Cuatro. El poder del miedo
¿Por qué fue posible aquel consenso? Porque los actores que participaron en la redacción del texto constitucional tenían miedo: miedo de los otros no menos que miedo de sí mismos, miedo de lo que serían capaces de hacer, de volver a hacer, si el diálogo descarrilaba y no había un acuerdo de mínimos que, a la postre, consistiría básicamente en implantar régimen de libertades real y verdadero pero sin ajustar cuentas con quienes lo habían proscrito impunemente durante cuatro décadas. No deberíamos subestimar la importancia política del miedo; recordemos el miedo al comunismo: gracias a él los proletarios del mundo no comunista obtuvieron mejoras políticas, sociales y laborales que hoy están perdiendo precisamente porque aquel miedo ha desaparecido.
Cinco. La herida del 31
El gran acuerdo que no fue posible en el año 31 sí lo fue 40 años después. La falta de consenso entre las dos grandes corrientes ideológicas y emocionales de la nación fue la herida por la que la República no dejó de sangrar desde el minuto uno, hasta que el golpe de Estado de julio del 36 convirtió aquella herida en un boquete, abriendo en la maltrecha nave del Estado una vía de sangre imposible de taponar. La discordia del 31 y la sangre del 36 operaron en el 78 como correctivo de las emociones ardientes, sin permitir su desbordamiento. Muchos pensaron que las concesiones cedidas al adversario tenían un precio razonable: bueno, hoy sabemos que finalmente ese precio acabó siendo bastante más alto de lo que creyeron las izquierdas pero un poco más bajo de lo que temían las derechas.
Seis. Enemigos reales
¿Quién es hoy más enemigo de la Constitución, quien la rechaza en los discursos porque su texto consagra la monarquía, blinda la unidad de España o no reconoce el derecho de autodeterminación de los pueblos ibéricos, o quien hace caso omiso del artículo 47 que proclama el derecho a una vivienda digna o se chotea del artículo 33 que atribuye una función social a la propiedad privada? No es mejor cristiano quien va a misa todos los domingos, sino quien practica principios cristianos como la caridad, la compasión o la tolerancia.
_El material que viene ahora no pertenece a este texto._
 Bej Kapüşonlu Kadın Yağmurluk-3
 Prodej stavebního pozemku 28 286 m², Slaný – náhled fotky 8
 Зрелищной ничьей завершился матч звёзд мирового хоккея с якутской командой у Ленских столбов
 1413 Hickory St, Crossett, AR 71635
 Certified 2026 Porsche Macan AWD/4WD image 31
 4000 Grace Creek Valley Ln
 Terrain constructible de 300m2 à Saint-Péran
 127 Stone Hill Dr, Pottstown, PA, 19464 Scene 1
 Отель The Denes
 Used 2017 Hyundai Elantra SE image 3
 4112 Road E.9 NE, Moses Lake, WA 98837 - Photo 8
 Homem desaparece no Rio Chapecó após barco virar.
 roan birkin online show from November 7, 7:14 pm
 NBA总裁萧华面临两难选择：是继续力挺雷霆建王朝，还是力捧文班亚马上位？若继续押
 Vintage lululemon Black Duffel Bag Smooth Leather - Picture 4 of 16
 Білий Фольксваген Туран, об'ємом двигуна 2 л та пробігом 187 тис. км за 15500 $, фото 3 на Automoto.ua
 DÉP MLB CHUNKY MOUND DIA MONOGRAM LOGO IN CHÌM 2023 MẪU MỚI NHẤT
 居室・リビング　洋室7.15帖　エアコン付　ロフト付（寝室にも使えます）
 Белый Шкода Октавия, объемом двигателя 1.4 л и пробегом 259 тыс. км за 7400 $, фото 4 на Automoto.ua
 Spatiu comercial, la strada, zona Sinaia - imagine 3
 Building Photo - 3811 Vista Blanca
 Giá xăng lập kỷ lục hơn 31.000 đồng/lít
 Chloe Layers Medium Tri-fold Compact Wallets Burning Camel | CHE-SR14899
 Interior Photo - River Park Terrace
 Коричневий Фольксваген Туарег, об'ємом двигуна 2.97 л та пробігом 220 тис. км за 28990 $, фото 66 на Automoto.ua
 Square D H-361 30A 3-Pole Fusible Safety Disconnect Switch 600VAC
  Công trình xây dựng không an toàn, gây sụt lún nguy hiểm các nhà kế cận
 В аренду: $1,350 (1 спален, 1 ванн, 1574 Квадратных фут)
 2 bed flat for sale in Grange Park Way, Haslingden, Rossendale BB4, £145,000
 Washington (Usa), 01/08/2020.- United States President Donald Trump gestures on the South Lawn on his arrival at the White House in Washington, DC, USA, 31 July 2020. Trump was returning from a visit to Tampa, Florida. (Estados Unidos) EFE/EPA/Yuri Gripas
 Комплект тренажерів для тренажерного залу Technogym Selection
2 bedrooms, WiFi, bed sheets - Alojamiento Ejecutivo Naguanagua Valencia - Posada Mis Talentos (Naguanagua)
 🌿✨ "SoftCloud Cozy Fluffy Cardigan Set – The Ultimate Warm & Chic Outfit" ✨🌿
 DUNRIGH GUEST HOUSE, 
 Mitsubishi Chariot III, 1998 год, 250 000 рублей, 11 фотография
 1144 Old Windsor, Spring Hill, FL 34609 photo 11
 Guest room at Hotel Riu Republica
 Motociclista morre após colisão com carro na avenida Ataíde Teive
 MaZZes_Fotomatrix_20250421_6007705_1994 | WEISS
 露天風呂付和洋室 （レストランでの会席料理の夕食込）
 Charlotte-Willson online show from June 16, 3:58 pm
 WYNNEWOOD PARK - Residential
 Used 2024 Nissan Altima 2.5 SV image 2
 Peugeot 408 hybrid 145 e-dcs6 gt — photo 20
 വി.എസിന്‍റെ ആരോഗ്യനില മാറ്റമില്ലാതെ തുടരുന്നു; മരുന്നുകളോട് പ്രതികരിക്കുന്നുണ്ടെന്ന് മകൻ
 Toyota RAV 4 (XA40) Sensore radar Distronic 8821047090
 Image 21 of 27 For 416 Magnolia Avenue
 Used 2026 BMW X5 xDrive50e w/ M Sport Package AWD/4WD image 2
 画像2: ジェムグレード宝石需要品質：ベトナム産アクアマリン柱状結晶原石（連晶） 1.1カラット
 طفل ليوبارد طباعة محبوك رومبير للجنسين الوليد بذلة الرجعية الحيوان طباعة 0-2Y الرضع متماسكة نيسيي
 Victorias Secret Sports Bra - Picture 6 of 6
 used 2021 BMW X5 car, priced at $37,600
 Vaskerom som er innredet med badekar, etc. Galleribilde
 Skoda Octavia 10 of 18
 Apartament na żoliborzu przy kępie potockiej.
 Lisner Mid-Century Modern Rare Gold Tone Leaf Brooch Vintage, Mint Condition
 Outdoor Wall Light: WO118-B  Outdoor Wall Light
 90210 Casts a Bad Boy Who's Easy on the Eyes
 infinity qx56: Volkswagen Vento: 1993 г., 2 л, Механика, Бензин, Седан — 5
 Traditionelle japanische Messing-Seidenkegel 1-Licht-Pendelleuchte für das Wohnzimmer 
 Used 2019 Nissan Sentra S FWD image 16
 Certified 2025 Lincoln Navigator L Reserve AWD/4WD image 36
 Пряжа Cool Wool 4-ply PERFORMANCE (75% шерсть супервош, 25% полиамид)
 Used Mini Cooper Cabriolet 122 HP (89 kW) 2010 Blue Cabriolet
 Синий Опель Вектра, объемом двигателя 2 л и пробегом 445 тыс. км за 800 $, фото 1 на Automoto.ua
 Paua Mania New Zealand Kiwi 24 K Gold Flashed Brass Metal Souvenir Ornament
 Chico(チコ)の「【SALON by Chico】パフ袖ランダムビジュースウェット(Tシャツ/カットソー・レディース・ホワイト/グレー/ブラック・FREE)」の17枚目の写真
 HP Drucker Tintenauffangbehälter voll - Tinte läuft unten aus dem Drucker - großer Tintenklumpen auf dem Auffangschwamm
Nuestra literatura está bien poblada de feroces anticlericales que no por ello dejaban de ser excelsos cristianos. Nuestra democracia está no menos poblada de feroces anticonstitucionalistas que no por ello dejan de ser impecables demócratas.
Siete. La fe, siempre la fe
En el 78 no hubo guerra religiosa porque en realidad a aquellas alturas del siglo España ya había dejado de ser católica: precisamente por haber dejado de serlo el anticlericalismo de los años 30 que tanto desacreditó a la República había perdido su razón de ser. España se había vengado de los excesos autoritarios y las connivencias reaccionarias de la Iglesia de la manera más práctica, pacífica e irreprochable: dejando de ir a misa. La única cuestión seria que la Constitución no cerró, porque no podía hacerlo, y que sigue tan viva o más que entonces es la cuestión territorial. Lo que, no sin melancolía, hemos aprendido en todos estos años es que no se cerrará nunca. No mientras siga habiendo entre nosotros tantos patriotas con una fe ciega en La Nación como católicos hubo en el pasado con una fe ciega en (o contra) La Iglesia Católica, Apostólica y Romana.